General ML

RNNs / LSTMs

Memory as a loop, and the gradient that would not survive it

01 · First principlesSequences need a running summary

A sequence model must let the past influence the present: the meaning of a word depends on the sentence so far, the next sensor reading on the trajectory so far. Feeding a fixed window into a dense net fails twice — the window length caps the memory, and (as with images in CNNs) a pattern learned at position 5 teaches nothing about position 50.

The recurrent answer: keep a hidden state h, a running summary of everything seen, and update it with the same function at every step:

h_t = tanh( W_h h_t−1 + W_x x_t + b ) · y_t = g(h_t)

Weight sharing across time is the move — the convolution idea rotated ninety degrees. One transition function handles sequences of any length, and "what to remember" is learned rather than designed.
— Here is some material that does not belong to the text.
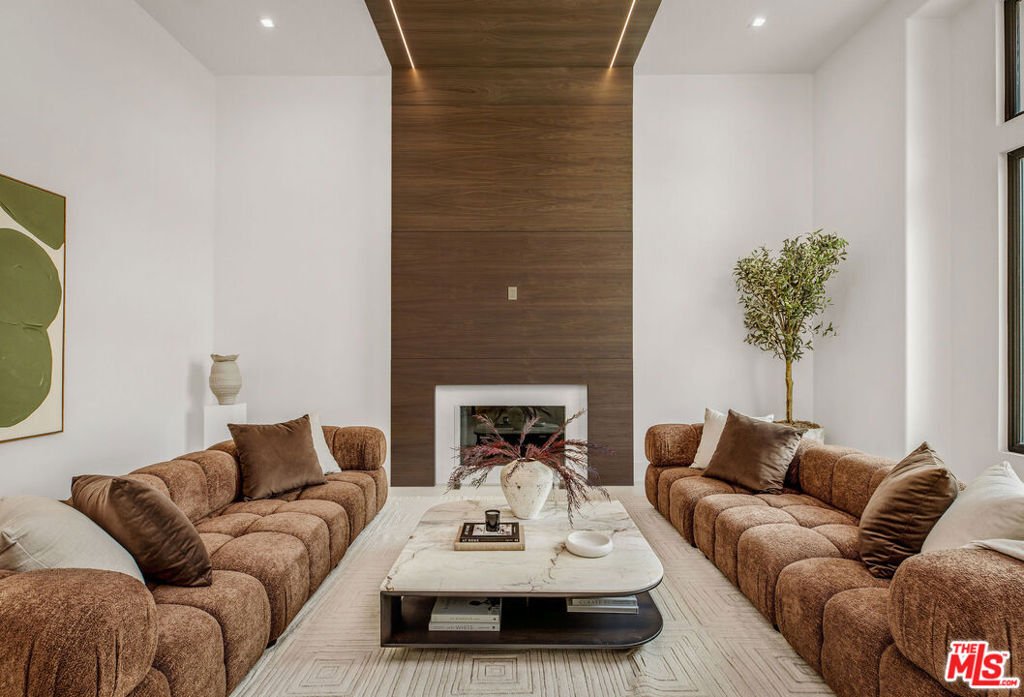 House in Hidden Hills, California, United States 5 - 17621053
02 · The breakageThe same Jacobian, T times

Training unrolls the loop into a T-layer feedforward net (one layer per time step, all sharing weights) and backpropagates through it — backpropagation through time. Here the shared weights turn poisonous. The gradient of a loss at step T with respect to the state at step t passes through every intermediate transition:

∂h_T/∂h_t = ∏_s=t+1..T ∂h_s/∂h_s−1 ≈ (W_h^T−t) · (diagonal tanh′ terms)

the same matrix, multiplied T−t times

A deep feedforward net multiplies different Jacobians, whose effects can partially cancel. An RNN multiplies essentially the same one, so the product is governed by the spectral radius of W_h: below 1 the gradient shrinks geometrically (vanishing — the network cannot learn dependencies more than ~10–20 steps long, because the teaching signal from the future arrives microscopically small); above 1 it blows up (exploding — fixable by gradient clipping, which is why exploding is the lesser disease). Full treatment in exploding/vanishing gradients.
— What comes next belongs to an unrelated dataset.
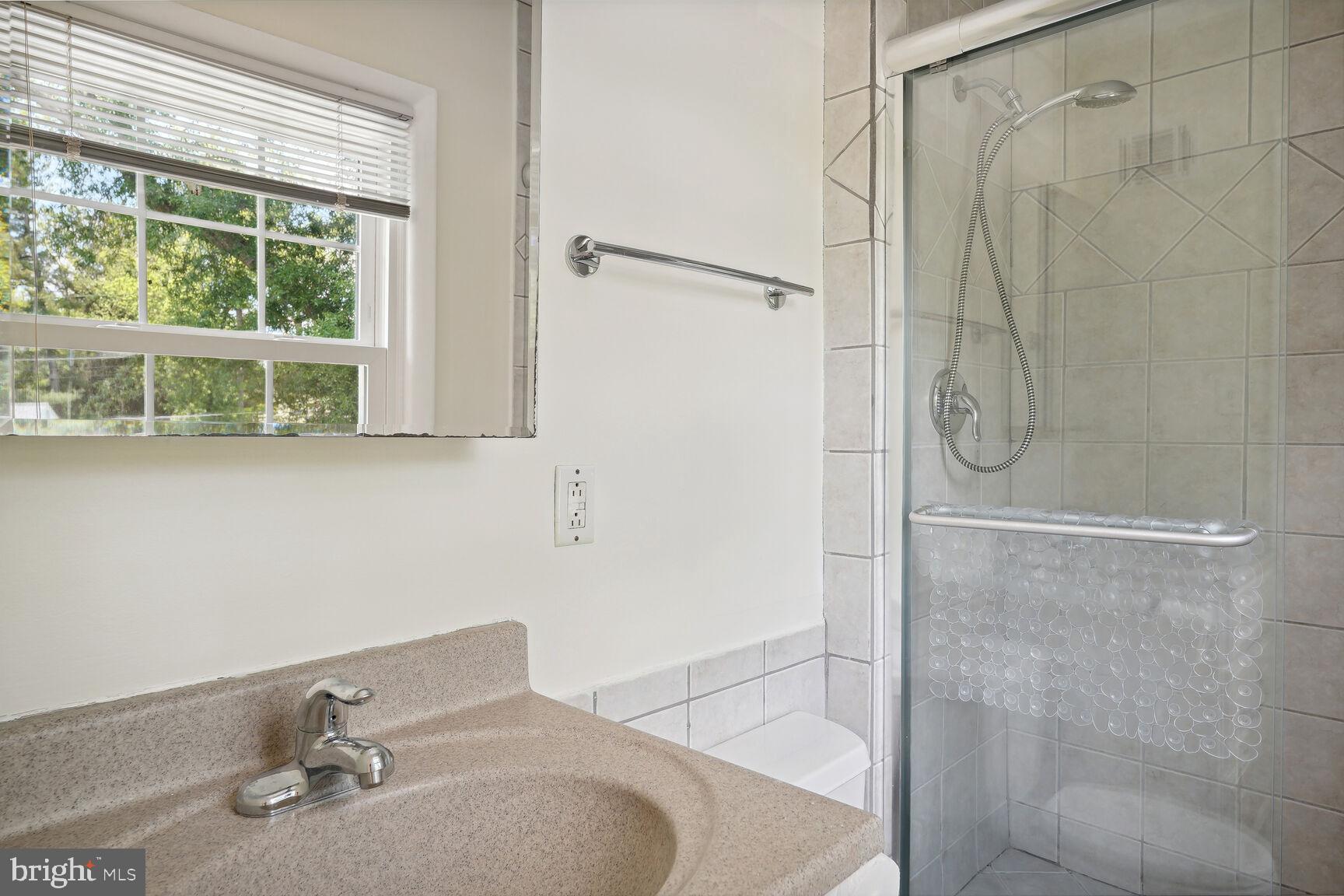 BURNING TREE ESTATES - Residential Lease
The diagnosis in one line: information must travel from step t to step T through T−t multiplications, and repeated multiplication by anything not exactly 1 destroys it.

03 · The fixLSTM: route memory through addition

If multiplication along the time path is the disease, the cure is to give memory a path that is additive. The LSTM adds a second state — the cell state c_t, a conveyor belt running through time — updated by addition, with three learned sigmoid gates (each a function of h_t−1 and x_t, outputting values in [0,1]) deciding what gets on and off the belt:

c_t = f_t ⊙ c_t−1 + i_t ⊙ c̃_t · h_t = o_t ⊙ tanh(c_t)

forget gateinput gateoutput gate

Now ∂c_t/∂c_t−1 ≈ f_t, a learned value the network can hold near 1 for as long as a memory matters. Gradients flow back along the cell state through + and a gentle elementwise gate, not through a repeated matrix multiply — the same additive-highway insight as ResNet skip connections, discovered for time before it was discovered for depth. The GRU is the lighter cousin: it merges cell and hidden state and uses two gates instead of three, training faster and matching LSTMs on most tasks.

Memory rides the green belt and is edited by × f and + i. Gradients flowing right-to-left along the belt meet addition, not repeated matrix multiplication.

04 · The ceilingWhat gates could not fix

LSTMs ruled sequence modelling for two decades (translation, speech, handwriting), but two limits were structural, not bugs:

Sequential training. h_t cannot be computed before h_t−1, so training cannot parallelise across the sequence length. GPUs are parallel machines; an architecture that must run step-by-step leaves most of the hardware idle, and at internet scale that is fatal.
Finite, lossy memory. The entire past is squeezed into one fixed-size vector. However well the gates triage, a long document does not fit; retrieving a detail from a thousand steps ago means it must have survived a thousand rounds of gate decisions made before its relevance was known.

Transformers solved both at once — attention reads any past position directly (no squeezing) and trains on all positions in parallel — at the price of O(T²) cost, which is the opening that state space models later attacked. The full three-way comparison lives in LLM vs RNN vs S4.

05 · StandingWhat survives

The recurrent form never died: O(1) memory per step and O(T) total compute is exactly what streaming and edge inference want, which is why Mamba-style selective SSMs and hybrid models (see Griffin) are recurrences with better-behaved dynamics. And the LSTM's deepest idea — protect the gradient path with addition and gating — survives everywhere: ResNets, highway networks, and the residual stream of every transformer.

Mental Model

An RNN is one transition function h_t = f(h_t−1, x_t) reused at every step: weight sharing across time.
BPTT multiplies the same Jacobian T times; spectral radius below 1 vanishes the gradient, above 1 explodes it (clip for the latter, redesign for the former).
LSTM = an additive cell-state highway with learned forget/input/output gates; gradients flow through + instead of ×.
GRU: same idea, two gates, one state, cheaper.
The unfixable limits — sequential training and a fixed-size memory — are what transformers, and later SSMs, were built to remove.